IgM and IgA anti-Toxoplasma antibodies by Enzyme-Linked Immunosorbent Assay method (ELISA) or Immunosorbent Agglutination Assay (ISAGA) on a peripheral neonatal blood sample, represent the best markers of congenital infection, since these specific antibodies are produced by the neonate and cannot cross the placental barrier (Figure 3). With traditional tests for IgM and IgA antibodies, it is possible to diagnose at birth only 75% of infected newborns (6). IgM ISAGA is the more sensitive and specific test for the detection of Toxoplasma IgM (49). The absence of specific IgM and IgA antibodies does not exclude the infection since they may be not produced by congenitally infected infant in the first month of life (47). Furthermore, when maternal infection occurs in the late pregnancy, testing at birth may be falsely negative (17).

FIGURE 3

Serological screening of congenital toxoplasmosis.

The IgG antibodies cross the placenta, so they are not a marker of congenital infection. Maternal anti-Toxoplasma IgG decline to disappear within 6–12 months. The persistence of IgG antibodies up to one year or their increase in the first months, lead to the diagnosis of congenital toxoplasmosis, whereas their negativity at one year, in subjects who did not receive any therapy, excludes the infection (65).

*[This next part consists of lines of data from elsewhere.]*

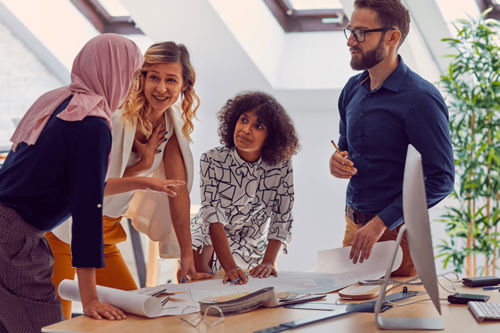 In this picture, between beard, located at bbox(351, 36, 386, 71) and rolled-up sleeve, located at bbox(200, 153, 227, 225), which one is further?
rolled-up sleeve, located at bbox(200, 153, 227, 225)

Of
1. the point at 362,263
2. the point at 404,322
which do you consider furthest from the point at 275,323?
the point at 362,263

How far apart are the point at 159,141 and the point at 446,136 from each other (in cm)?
111

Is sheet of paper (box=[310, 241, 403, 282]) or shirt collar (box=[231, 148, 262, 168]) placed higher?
shirt collar (box=[231, 148, 262, 168])

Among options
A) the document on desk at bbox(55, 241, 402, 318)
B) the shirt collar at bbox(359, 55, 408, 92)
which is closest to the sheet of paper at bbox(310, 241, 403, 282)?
the document on desk at bbox(55, 241, 402, 318)

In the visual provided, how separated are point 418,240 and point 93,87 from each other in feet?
3.36

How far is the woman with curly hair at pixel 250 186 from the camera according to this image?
8.14ft

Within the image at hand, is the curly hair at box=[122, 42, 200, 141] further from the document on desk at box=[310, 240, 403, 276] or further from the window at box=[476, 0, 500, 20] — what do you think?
the window at box=[476, 0, 500, 20]

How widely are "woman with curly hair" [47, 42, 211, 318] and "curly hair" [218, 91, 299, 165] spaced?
175 mm

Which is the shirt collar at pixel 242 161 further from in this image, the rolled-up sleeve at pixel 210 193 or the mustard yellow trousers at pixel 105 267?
the mustard yellow trousers at pixel 105 267

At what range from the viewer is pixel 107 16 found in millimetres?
5156

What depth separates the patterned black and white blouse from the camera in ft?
8.18

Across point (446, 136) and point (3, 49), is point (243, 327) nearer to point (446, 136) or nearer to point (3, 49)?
point (446, 136)

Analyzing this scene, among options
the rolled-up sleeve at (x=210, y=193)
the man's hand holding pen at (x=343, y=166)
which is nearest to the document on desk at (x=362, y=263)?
the man's hand holding pen at (x=343, y=166)

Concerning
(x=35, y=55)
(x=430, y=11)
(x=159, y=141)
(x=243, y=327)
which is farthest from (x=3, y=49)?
(x=243, y=327) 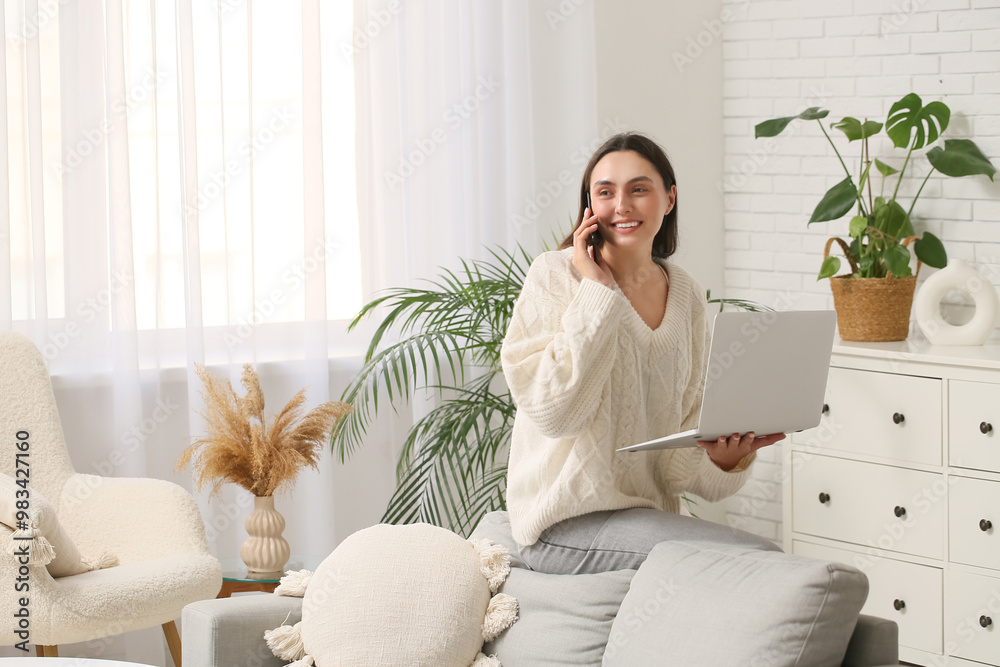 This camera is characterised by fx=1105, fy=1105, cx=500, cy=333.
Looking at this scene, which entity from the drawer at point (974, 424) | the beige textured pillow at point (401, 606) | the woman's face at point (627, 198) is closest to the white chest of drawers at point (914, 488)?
the drawer at point (974, 424)

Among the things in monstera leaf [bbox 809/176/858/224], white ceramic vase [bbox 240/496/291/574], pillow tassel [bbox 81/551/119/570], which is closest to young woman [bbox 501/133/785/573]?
white ceramic vase [bbox 240/496/291/574]

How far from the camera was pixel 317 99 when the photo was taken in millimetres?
3473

In newborns at risk of congenital toxoplasmosis, with positive IgG and negative IgM and IgA tests, a comparative mother-infant Western blot (WB) allows the early detection of synthesized neonatal antibodies, which have different antigenic specificity from maternal ones (66). Western blot has an excellent specificity (97–100%) and, in addition to traditional tests, will identify up to 96–98% of infected newborns. However, after the third month of life, the test becomes non-specific (67).

In infected infants, Interferon Ƴ release assay (IGRA) may be used to evidence lymphocytes activation and secretion of interferon Ƴ, following in vitro stimulation with T. gondii antigens (68).

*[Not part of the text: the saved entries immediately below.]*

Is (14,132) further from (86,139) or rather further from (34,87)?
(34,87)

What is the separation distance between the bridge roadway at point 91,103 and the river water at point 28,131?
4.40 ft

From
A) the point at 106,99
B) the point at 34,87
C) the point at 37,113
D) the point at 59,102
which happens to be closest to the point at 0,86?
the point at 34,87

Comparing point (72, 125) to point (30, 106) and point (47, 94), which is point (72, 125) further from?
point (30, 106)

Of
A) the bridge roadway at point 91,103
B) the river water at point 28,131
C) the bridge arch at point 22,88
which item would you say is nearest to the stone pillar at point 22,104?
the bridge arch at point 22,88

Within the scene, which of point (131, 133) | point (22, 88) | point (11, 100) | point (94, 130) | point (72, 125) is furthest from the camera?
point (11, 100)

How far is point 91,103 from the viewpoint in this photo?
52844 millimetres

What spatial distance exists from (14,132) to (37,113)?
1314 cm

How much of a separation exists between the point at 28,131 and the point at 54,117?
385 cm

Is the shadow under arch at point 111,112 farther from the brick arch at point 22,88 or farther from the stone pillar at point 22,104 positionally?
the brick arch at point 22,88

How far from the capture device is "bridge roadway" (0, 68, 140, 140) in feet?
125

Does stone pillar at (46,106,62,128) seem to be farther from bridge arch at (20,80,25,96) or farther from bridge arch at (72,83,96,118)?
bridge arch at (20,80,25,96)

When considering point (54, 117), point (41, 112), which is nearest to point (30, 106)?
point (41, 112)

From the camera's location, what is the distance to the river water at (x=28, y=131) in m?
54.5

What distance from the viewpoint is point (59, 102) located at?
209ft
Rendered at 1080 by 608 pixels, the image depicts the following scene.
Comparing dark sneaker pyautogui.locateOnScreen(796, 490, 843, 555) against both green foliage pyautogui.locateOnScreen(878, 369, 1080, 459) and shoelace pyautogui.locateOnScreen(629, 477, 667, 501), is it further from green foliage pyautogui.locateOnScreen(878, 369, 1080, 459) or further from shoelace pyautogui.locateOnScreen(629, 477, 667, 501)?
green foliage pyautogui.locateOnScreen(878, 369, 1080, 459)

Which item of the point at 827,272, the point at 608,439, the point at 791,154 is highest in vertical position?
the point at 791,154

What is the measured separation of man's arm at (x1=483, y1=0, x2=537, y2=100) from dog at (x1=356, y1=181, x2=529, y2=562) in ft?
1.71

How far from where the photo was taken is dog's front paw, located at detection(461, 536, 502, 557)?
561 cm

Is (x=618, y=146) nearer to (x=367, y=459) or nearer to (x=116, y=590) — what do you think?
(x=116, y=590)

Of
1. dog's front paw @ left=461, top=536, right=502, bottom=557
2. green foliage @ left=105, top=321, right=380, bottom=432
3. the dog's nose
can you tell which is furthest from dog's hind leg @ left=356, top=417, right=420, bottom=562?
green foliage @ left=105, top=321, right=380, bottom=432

If at birth there are insufficient data for the diagnosis, a definitive response can now be obtained much faster than in the past since confirmatory testing can be validated by reference laboratories within the first 60-90 days of life in almost all cases since Western blotting has been shown to establish diagnosis up to 3 months earlier than conventional serological methods (67, 69).

Treatment of Infected Neonates

The efficacy of therapeutic protocols does not have the support of randomized controlled trials. Observational data describe that congenital toxoplasmosis has a good outcome and results in a normal neurological development when the treatment begins as soon as possible, both in pregnant mother and in newborn. Accordingly, delaying the therapy and/or neglecting subclinical infection increase the risk of serious disabilities (70, 71).

Synergistic effect of the combination therapy with pyrimethamine and sulfonamides against experimental toxoplasmosis, was observed in mice in the early 1950s. Studies performed decades ago provided the basis for the current recommendation for the combination of pyrimethamine with sulfadiazine or sulfadoxine and folinic acid as first-line treatment of toxoplasmosis in humans and, even today, it remains the gold standard.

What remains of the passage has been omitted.